_Exercise prompt_
The records that follow should be retyped word for word.
-------- Material for this exercise --------
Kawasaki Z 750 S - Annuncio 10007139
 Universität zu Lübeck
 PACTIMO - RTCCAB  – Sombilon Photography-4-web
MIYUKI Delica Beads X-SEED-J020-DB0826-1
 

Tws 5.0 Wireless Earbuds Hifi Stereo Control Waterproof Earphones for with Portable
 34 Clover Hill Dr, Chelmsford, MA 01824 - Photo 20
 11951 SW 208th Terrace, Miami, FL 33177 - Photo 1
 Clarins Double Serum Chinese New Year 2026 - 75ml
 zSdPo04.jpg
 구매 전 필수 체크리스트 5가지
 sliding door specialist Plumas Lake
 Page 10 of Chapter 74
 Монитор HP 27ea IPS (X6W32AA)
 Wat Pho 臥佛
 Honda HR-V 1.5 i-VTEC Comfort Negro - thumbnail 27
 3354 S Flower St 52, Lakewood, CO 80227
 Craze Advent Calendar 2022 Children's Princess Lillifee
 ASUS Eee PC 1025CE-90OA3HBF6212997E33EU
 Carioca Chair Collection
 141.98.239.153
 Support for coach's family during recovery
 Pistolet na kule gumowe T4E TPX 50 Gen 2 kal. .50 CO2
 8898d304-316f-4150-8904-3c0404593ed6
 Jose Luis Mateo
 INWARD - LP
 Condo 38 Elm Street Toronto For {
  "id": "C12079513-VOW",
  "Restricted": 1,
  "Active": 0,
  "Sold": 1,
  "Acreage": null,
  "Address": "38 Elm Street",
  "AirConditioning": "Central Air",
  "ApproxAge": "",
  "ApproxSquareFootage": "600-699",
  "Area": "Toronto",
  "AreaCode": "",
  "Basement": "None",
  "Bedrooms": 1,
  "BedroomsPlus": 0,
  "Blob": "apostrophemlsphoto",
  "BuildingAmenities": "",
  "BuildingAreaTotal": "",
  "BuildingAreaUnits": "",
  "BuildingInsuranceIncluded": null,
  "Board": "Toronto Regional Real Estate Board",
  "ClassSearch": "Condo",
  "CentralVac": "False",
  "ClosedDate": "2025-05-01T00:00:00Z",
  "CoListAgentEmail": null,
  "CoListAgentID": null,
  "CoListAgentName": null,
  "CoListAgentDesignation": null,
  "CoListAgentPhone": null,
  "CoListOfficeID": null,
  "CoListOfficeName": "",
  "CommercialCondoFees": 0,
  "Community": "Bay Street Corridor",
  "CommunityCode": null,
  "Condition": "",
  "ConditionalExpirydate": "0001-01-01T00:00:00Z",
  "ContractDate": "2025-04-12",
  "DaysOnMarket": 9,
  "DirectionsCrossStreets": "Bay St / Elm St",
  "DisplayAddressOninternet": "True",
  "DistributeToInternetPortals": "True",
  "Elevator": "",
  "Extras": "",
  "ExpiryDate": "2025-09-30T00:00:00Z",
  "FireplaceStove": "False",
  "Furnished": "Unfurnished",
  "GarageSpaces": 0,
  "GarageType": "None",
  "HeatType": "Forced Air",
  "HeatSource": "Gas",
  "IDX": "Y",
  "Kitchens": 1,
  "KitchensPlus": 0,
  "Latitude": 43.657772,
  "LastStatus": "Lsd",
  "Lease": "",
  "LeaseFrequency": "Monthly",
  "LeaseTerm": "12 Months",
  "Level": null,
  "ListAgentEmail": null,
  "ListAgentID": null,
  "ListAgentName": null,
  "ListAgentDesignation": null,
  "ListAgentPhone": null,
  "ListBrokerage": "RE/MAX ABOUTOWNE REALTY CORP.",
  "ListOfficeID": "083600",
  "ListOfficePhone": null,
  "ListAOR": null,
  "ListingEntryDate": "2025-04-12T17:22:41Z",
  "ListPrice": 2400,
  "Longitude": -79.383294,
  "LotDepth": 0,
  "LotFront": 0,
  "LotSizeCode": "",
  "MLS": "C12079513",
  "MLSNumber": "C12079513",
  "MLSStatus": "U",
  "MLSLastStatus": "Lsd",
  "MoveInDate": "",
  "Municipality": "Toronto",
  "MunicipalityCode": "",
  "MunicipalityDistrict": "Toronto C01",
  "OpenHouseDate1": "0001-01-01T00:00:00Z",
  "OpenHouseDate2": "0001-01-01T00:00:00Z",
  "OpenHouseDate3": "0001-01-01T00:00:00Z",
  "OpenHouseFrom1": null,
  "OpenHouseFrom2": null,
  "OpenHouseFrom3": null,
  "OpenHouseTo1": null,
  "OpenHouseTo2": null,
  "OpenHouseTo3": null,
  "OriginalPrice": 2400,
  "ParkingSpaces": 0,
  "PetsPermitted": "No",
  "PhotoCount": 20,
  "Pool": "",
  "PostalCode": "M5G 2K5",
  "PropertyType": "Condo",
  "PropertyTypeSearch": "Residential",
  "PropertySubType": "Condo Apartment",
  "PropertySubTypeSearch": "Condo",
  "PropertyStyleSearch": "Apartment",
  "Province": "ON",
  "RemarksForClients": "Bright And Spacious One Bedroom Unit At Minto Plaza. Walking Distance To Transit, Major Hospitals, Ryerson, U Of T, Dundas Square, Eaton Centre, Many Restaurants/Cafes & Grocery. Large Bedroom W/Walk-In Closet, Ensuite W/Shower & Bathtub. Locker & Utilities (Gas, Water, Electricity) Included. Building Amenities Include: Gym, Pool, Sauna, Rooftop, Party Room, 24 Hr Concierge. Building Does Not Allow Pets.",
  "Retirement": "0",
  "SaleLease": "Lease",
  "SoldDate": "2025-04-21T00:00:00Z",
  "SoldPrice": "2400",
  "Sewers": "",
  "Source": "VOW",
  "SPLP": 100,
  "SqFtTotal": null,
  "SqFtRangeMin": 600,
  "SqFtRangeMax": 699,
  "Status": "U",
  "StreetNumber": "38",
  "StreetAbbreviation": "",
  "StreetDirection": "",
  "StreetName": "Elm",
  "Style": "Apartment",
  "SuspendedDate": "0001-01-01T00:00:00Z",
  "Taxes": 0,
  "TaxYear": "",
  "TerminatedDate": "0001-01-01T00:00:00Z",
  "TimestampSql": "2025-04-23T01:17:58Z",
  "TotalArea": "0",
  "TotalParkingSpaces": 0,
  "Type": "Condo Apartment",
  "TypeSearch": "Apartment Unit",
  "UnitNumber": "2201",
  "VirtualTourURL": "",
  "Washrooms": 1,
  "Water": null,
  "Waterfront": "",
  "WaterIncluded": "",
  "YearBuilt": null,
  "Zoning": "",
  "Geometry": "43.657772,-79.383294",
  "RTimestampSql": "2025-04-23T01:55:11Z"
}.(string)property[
--------
_Solution for this task_
Kawasaki Z 750 S - Annuncio 10007139
 Universität zu Lübeck
 PACTIMO - RTCCAB  – Sombilon Photography-4-web
MIYUKI Delica Beads X-SEED-J020-DB0826-1
 

Tws 5.0 Wireless Earbuds Hifi Stereo Control Waterproof Earphones for with Portable
 34 Clover Hill Dr, Chelmsford, MA 01824 - Photo 20
 11951 SW 208th Terrace, Miami, FL 33177 - Photo 1
 Clarins Double Serum Chinese New Year 2026 - 75ml
 zSdPo04.jpg
 구매 전 필수 체크리스트 5가지
 sliding door specialist Plumas Lake
 Page 10 of Chapter 74
 Монитор HP 27ea IPS (X6W32AA)
 Wat Pho 臥佛
 Honda HR-V 1.5 i-VTEC Comfort Negro - thumbnail 27
 3354 S Flower St 52, Lakewood, CO 80227
 Craze Advent Calendar 2022 Children's Princess Lillifee
 ASUS Eee PC 1025CE-90OA3HBF6212997E33EU
 Carioca Chair Collection
 141.98.239.153
 Support for coach's family during recovery
 Pistolet na kule gumowe T4E TPX 50 Gen 2 kal. .50 CO2
 8898d304-316f-4150-8904-3c0404593ed6
 Jose Luis Mateo
 INWARD - LP
 Condo 38 Elm Street Toronto For {
  "id": "C12079513-VOW",
  "Restricted": 1,
  "Active": 0,
  "Sold": 1,
  "Acreage": null,
  "Address": "38 Elm Street",
  "AirConditioning": "Central Air",
  "ApproxAge": "",
  "ApproxSquareFootage": "600-699",
  "Area": "Toronto",
  "AreaCode": "",
  "Basement": "None",
  "Bedrooms": 1,
  "BedroomsPlus": 0,
  "Blob": "apostrophemlsphoto",
  "BuildingAmenities": "",
  "BuildingAreaTotal": "",
  "BuildingAreaUnits": "",
  "BuildingInsuranceIncluded": null,
  "Board": "Toronto Regional Real Estate Board",
  "ClassSearch": "Condo",
  "CentralVac": "False",
  "ClosedDate": "2025-05-01T00:00:00Z",
  "CoListAgentEmail": null,
  "CoListAgentID": null,
  "CoListAgentName": null,
  "CoListAgentDesignation": null,
  "CoListAgentPhone": null,
  "CoListOfficeID": null,
  "CoListOfficeName": "",
  "CommercialCondoFees": 0,
  "Community": "Bay Street Corridor",
  "CommunityCode": null,
  "Condition": "",
  "ConditionalExpirydate": "0001-01-01T00:00:00Z",
  "ContractDate": "2025-04-12",
  "DaysOnMarket": 9,
  "DirectionsCrossStreets": "Bay St / Elm St",
  "DisplayAddressOninternet": "True",
  "DistributeToInternetPortals": "True",
  "Elevator": "",
  "Extras": "",
  "ExpiryDate": "2025-09-30T00:00:00Z",
  "FireplaceStove": "False",
  "Furnished": "Unfurnished",
  "GarageSpaces": 0,
  "GarageType": "None",
  "HeatType": "Forced Air",
  "HeatSource": "Gas",
  "IDX": "Y",
  "Kitchens": 1,
  "KitchensPlus": 0,
  "Latitude": 43.657772,
  "LastStatus": "Lsd",
  "Lease": "",
  "LeaseFrequency": "Monthly",
  "LeaseTerm": "12 Months",
  "Level": null,
  "ListAgentEmail": null,
  "ListAgentID": null,
  "ListAgentName": null,
  "ListAgentDesignation": null,
  "ListAgentPhone": null,
  "ListBrokerage": "RE/MAX ABOUTOWNE REALTY CORP.",
  "ListOfficeID": "083600",
  "ListOfficePhone": null,
  "ListAOR": null,
  "ListingEntryDate": "2025-04-12T17:22:41Z",
  "ListPrice": 2400,
  "Longitude": -79.383294,
  "LotDepth": 0,
  "LotFront": 0,
  "LotSizeCode": "",
  "MLS": "C12079513",
  "MLSNumber": "C12079513",
  "MLSStatus": "U",
  "MLSLastStatus": "Lsd",
  "MoveInDate": "",
  "Municipality": "Toronto",
  "MunicipalityCode": "",
  "MunicipalityDistrict": "Toronto C01",
  "OpenHouseDate1": "0001-01-01T00:00:00Z",
  "OpenHouseDate2": "0001-01-01T00:00:00Z",
  "OpenHouseDate3": "0001-01-01T00:00:00Z",
  "OpenHouseFrom1": null,
  "OpenHouseFrom2": null,
  "OpenHouseFrom3": null,
  "OpenHouseTo1": null,
  "OpenHouseTo2": null,
  "OpenHouseTo3": null,
  "OriginalPrice": 2400,
  "ParkingSpaces": 0,
  "PetsPermitted": "No",
  "PhotoCount": 20,
  "Pool": "",
  "PostalCode": "M5G 2K5",
  "PropertyType": "Condo",
  "PropertyTypeSearch": "Residential",
  "PropertySubType": "Condo Apartment",
  "PropertySubTypeSearch": "Condo",
  "PropertyStyleSearch": "Apartment",
  "Province": "ON",
  "RemarksForClients": "Bright And Spacious One Bedroom Unit At Minto Plaza. Walking Distance To Transit, Major Hospitals, Ryerson, U Of T, Dundas Square, Eaton Centre, Many Restaurants/Cafes & Grocery. Large Bedroom W/Walk-In Closet, Ensuite W/Shower & Bathtub. Locker & Utilities (Gas, Water, Electricity) Included. Building Amenities Include: Gym, Pool, Sauna, Rooftop, Party Room, 24 Hr Concierge. Building Does Not Allow Pets.",
  "Retirement": "0",
  "SaleLease": "Lease",
  "SoldDate": "2025-04-21T00:00:00Z",
  "SoldPrice": "2400",
  "Sewers": "",
  "Source": "VOW",
  "SPLP": 100,
  "SqFtTotal": null,
  "SqFtRangeMin": 600,
  "SqFtRangeMax": 699,
  "Status": "U",
  "StreetNumber": "38",
  "StreetAbbreviation": "",
  "StreetDirection": "",
  "StreetName": "Elm",
  "Style": "Apartment",
  "SuspendedDate": "0001-01-01T00:00:00Z",
  "Taxes": 0,
  "TaxYear": "",
  "TerminatedDate": "0001-01-01T00:00:00Z",
  "TimestampSql": "2025-04-23T01:17:58Z",
  "TotalArea": "0",
  "TotalParkingSpaces": 0,
  "Type": "Condo Apartment",
  "TypeSearch": "Apartment Unit",
  "UnitNumber": "2201",
  "VirtualTourURL": "",
  "Washrooms": 1,
  "Water": null,
  "Waterfront": "",
  "WaterIncluded": "",
  "YearBuilt": null,
  "Zoning": "",
  "Geometry": "43.657772,-79.383294",
  "RTimestampSql": "2025-04-23T01:55:11Z"
}.(string)property[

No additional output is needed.